The heating tool is preferably provided with suitable monitoring and control
electronics as
described for example with respect to FIG. 2. In one particular example, the
heating tool also
includes a portion of the electronics that transforms the electrical power
provided by the wireline
cable 704 to the tools or modules in the tool string 700. This configuration
may be advantageous
as high electrical power may not need to be conveyed across the different
modules of the string
700. Also, power electronics may already generate heat can be used to heat the
formation F.
[0062] To establish an exclusive fluid communication between the tool
string 700 and a
portion of interest of the formation, the probe module 730 is provided with an
extendable probe
assembly 732 having a sampling inlet.

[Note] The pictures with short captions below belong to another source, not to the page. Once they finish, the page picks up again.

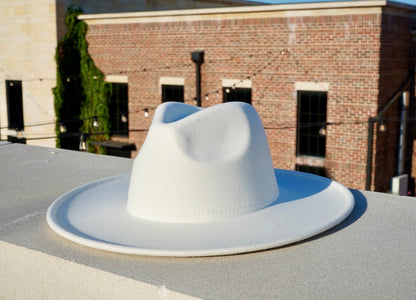 A white color wide brim fedora.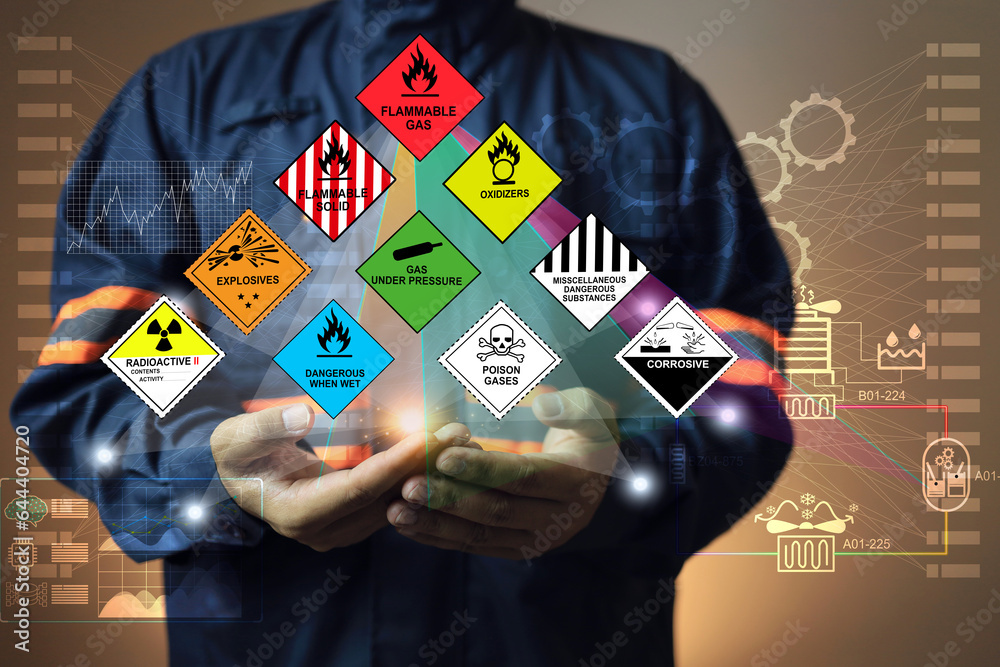 Hazardous substance concept chemical safety officer at a dangerous goods warehouse holding hologram to arrange warning sign for different chemical to separate area in sea and air cargo shipment - obrazy, fototapety, plakaty 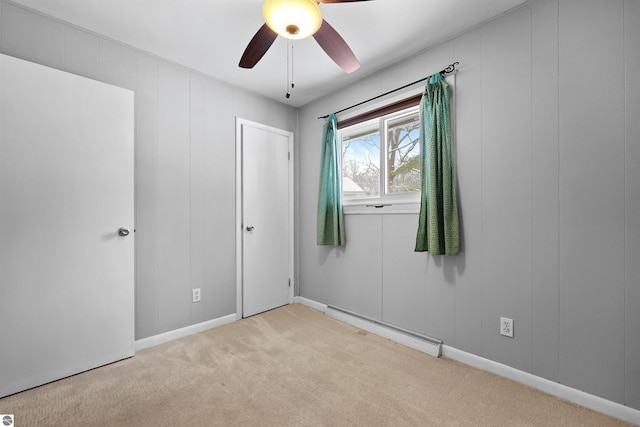 carpeted empty room featuring a baseboard heating unit and ceiling fan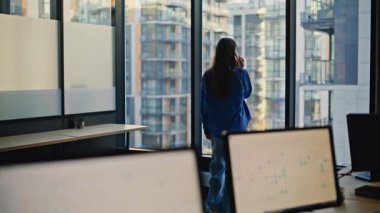 Ciddi bir kadın patronun ofis penceresinde cep telefonunu araması. Zarif kıyafetli esmer iş kadını iş için akıllı telefon kullanıyor. Yöneticinin elinde cep telefonu olması olumlu bir konuşma. 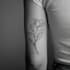 create a small, minimalistic, fine line spiritual tattoo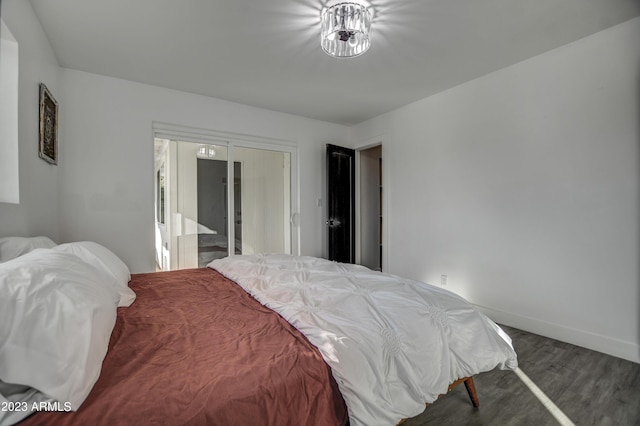 bedroom with dark wood-type flooring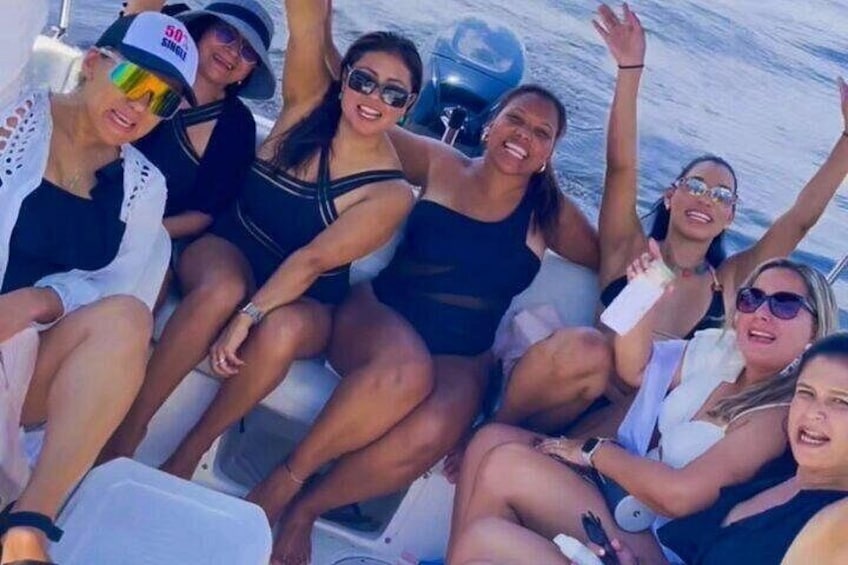 A group of people on a boat with water visible in the background. 1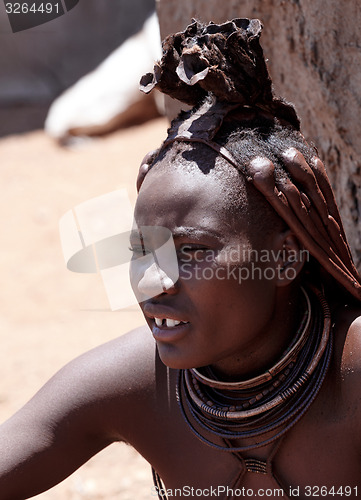 Image of Himba woman with ornaments on the neck in the village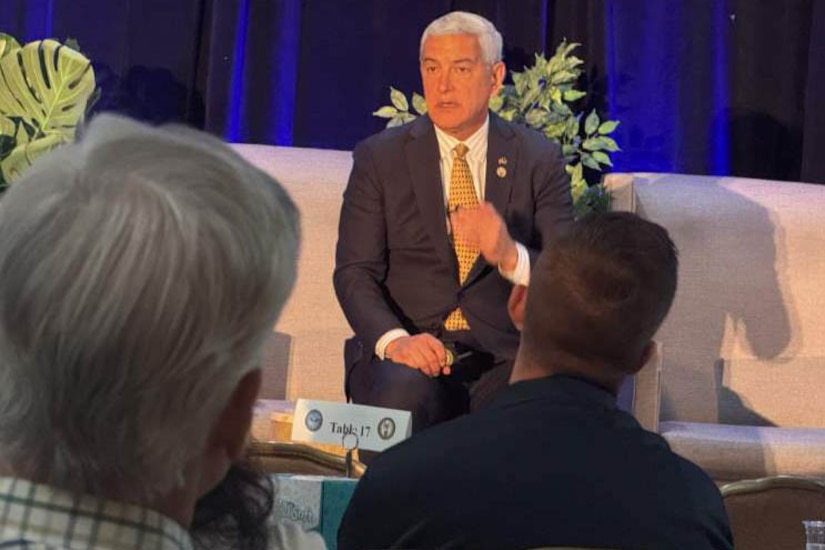 A man seated on a stage speaks to an audience.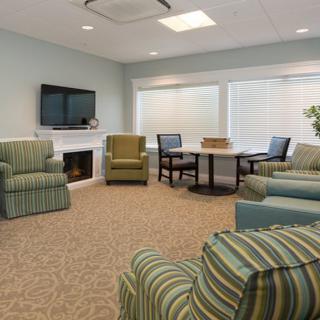 A cozy living room with comfortable seating and a television.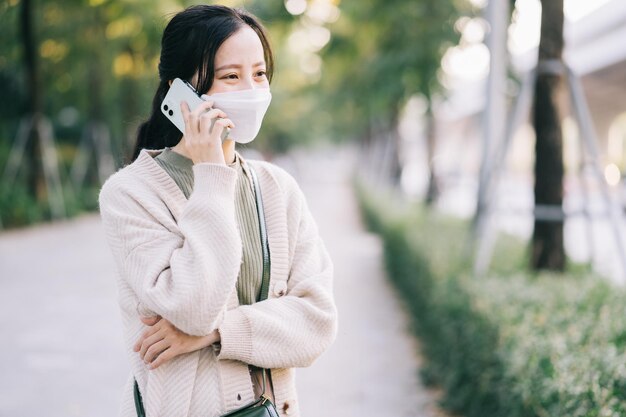 Asian woman wearing a mask while walking on the street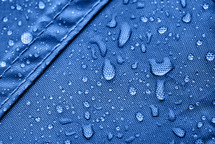 blue rainproof tent sheet with morning rain drops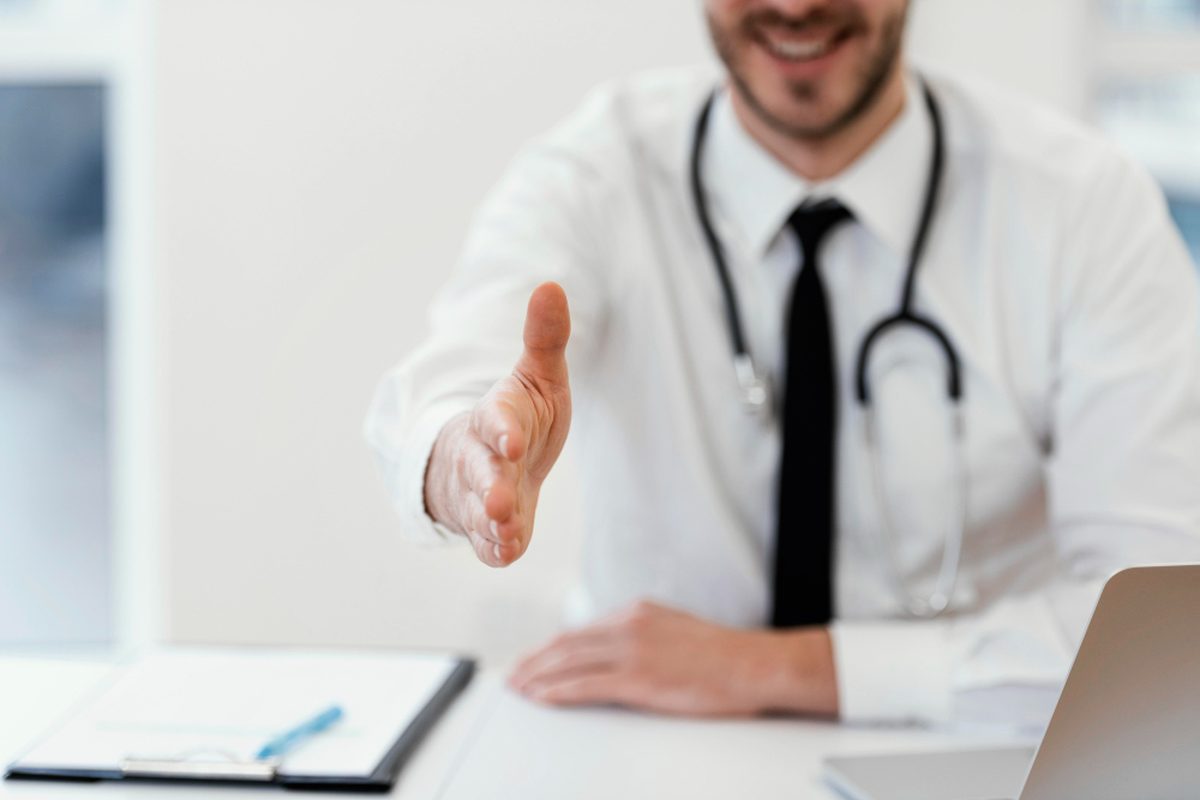 Physician welcoming a patient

The probe assembly is remotely located
from the heating
pad 722, for example to avoid damage of an elastomeric seal of the probe
during heating of the
formation. Also, the probe assembly 732 and the heating pad 722 are in angular
or azimuthal
positional agreement with each other.
[0063] The probe assembly 732 is shown in a retracted position in FIG. 7a
and in an
extended position in FIG. 7b. The probe assembly is pressed against the
wellbore wall with
setting pistons 734, also show retracted in FIG. 7a and extended in FIG. 7b.
When the probe
sealingly engages the wellbore wall 123, fluid extracted from the formation
may flow through
the inlet of the probe to various components of the sampling tool through a
flowline 780. The
flow of formation fluid in the tool string 700 may be selectively routed to
the components of the
sampling tool by using valves, such as valves 734, 736, 764, 766, and 768.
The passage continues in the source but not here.